OMOY social robot conveys emotions while reading text messages

Text messaging devices brought huge benefits to interpersonal communication in the last three decades. The advent of these devices has made people’s remote communication instant. However, it is often missing the human element that would accompany an explanation face-to-face or even over the phone.

Now, researchers at the University of Tsukuba, in Japan, have created a handheld social robot, called OMOY, that can appear to convey emotions while reading out text messages. It doesn’t do this by changing its facial expression or gesture, but only by movements caused by shifting an internal weight.

The text message mediator robot can help users control their anger when receiving upsetting news. Also, the device might help enhance social interactions as we move towards a world with increasingly digital communications.

The OMOY social robot is equipped with a movable weight actuated by mechanical components inside its body. It could express simulated emotions by shifting the internal weight during the time when the robot speaks out messages received from the human sender. The OMOY mediator robot is designed so that it can suppress the user’s anger and other negative interpersonal motivations, such as thoughts of revenge, and instead forester forgiveness.

The robot was deployed as a mediator for reading text messages. A text with unwelcome or frustrating news could be followed by an exhortation by OMOY to not get upset or even sympathize with the user. “With the medium of written digital communication, the lack of social feedback redirect focus from the sender and onto the content of the message itself,” author Professor Fumihide Tanaka says.

In a controlled study, researchers tested 94 people with a frustrating message “I’m sorry, I am late. The appointment slipped my mind. Can you wait another hour?” The team found that by introducing weight shifts together with the OMOY speech suppressed on average 23% of the user’s anger. However, only 3.5% of the anger was suppressed when the weight shifts were not applied.
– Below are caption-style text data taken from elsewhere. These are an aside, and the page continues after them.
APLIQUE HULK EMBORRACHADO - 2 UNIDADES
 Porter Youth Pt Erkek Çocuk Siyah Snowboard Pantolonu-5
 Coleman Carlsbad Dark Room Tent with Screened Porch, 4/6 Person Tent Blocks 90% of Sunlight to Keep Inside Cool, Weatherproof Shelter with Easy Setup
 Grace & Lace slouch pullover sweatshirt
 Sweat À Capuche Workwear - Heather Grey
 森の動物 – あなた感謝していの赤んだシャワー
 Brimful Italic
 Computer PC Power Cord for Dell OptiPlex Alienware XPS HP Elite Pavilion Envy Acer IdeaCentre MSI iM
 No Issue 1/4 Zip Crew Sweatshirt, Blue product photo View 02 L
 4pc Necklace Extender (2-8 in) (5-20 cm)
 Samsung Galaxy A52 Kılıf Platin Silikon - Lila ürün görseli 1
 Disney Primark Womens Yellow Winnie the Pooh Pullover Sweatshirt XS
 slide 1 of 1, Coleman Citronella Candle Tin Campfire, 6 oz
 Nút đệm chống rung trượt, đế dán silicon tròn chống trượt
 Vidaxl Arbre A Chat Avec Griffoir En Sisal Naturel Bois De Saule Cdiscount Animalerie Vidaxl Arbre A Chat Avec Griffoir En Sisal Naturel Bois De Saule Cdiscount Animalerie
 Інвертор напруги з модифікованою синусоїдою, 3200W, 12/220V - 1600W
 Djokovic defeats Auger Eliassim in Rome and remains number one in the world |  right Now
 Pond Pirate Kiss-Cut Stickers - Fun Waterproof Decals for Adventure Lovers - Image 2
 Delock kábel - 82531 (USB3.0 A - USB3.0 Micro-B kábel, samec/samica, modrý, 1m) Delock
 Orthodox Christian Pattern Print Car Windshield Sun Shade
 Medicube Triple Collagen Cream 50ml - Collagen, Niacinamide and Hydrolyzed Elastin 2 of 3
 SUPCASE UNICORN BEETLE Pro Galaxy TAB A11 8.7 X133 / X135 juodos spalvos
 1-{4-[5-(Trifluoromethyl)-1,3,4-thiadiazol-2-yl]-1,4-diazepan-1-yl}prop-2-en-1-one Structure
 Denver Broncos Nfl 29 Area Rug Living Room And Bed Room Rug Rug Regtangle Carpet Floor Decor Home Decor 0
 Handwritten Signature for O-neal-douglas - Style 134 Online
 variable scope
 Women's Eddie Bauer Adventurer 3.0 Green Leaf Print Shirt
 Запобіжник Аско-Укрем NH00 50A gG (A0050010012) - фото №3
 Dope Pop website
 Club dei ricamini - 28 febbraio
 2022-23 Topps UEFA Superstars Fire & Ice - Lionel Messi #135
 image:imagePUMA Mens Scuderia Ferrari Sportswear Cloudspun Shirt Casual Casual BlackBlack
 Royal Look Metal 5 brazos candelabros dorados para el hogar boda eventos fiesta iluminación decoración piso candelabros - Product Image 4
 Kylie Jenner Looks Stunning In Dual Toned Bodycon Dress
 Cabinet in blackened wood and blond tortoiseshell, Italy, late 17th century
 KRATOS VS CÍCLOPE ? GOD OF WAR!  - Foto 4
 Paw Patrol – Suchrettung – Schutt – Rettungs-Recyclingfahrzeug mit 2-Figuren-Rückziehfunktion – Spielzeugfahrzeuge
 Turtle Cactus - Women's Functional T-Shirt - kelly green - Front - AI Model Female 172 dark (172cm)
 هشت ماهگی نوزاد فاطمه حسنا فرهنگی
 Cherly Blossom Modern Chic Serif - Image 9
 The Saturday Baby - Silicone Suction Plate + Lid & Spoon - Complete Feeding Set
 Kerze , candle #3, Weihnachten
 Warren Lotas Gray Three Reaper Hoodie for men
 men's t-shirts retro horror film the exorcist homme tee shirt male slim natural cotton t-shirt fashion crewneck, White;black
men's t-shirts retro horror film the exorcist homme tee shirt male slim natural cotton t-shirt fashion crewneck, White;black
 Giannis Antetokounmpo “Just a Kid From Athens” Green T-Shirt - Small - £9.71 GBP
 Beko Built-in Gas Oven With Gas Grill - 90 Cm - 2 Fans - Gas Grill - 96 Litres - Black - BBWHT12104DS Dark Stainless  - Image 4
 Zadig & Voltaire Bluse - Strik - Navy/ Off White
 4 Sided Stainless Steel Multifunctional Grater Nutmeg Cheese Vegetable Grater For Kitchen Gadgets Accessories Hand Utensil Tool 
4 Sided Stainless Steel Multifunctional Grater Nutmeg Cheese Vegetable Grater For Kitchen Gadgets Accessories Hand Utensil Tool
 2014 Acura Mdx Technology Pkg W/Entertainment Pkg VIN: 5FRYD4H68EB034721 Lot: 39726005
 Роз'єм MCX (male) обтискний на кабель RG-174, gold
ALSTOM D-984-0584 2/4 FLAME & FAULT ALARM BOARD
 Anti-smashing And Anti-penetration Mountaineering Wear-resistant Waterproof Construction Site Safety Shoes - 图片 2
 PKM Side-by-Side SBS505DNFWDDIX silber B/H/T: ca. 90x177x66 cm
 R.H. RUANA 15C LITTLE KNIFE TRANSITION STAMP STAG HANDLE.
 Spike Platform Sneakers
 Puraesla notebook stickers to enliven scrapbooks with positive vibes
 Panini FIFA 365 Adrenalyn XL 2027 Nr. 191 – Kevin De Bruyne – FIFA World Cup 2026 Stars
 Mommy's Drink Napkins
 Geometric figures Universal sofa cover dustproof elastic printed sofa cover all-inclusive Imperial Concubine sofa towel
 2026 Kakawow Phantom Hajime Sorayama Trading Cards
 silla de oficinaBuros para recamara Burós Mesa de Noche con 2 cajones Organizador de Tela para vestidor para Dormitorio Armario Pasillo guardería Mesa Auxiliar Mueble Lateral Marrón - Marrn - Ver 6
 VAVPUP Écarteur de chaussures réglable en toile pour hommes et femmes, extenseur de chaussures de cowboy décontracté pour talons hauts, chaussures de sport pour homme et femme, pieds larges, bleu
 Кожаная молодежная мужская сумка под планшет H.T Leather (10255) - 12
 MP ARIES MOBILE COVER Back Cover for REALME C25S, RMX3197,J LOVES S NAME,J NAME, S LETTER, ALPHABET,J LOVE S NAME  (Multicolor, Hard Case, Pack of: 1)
Additionally, in cases where the robot showed empathy to the user in words with weight shifts, the user’s revenge urge was successfully reduced by 22%.

“The mediator robot can relay a frustrating message followed by giving its own opinion. When this speech is accompanied by the appropriate weight shifts, we saw that that the user would perceive the ‘intention’ of the robot to help them calm down,” Professor Tanaka says.

The text reading robot’s body expression produced by weight shifts did not require any specific external components, such as arms or legs, which implied that the internal weight movements could reduce a user’s anger or other negative emotions without the use of rich body gestures or facial expressions.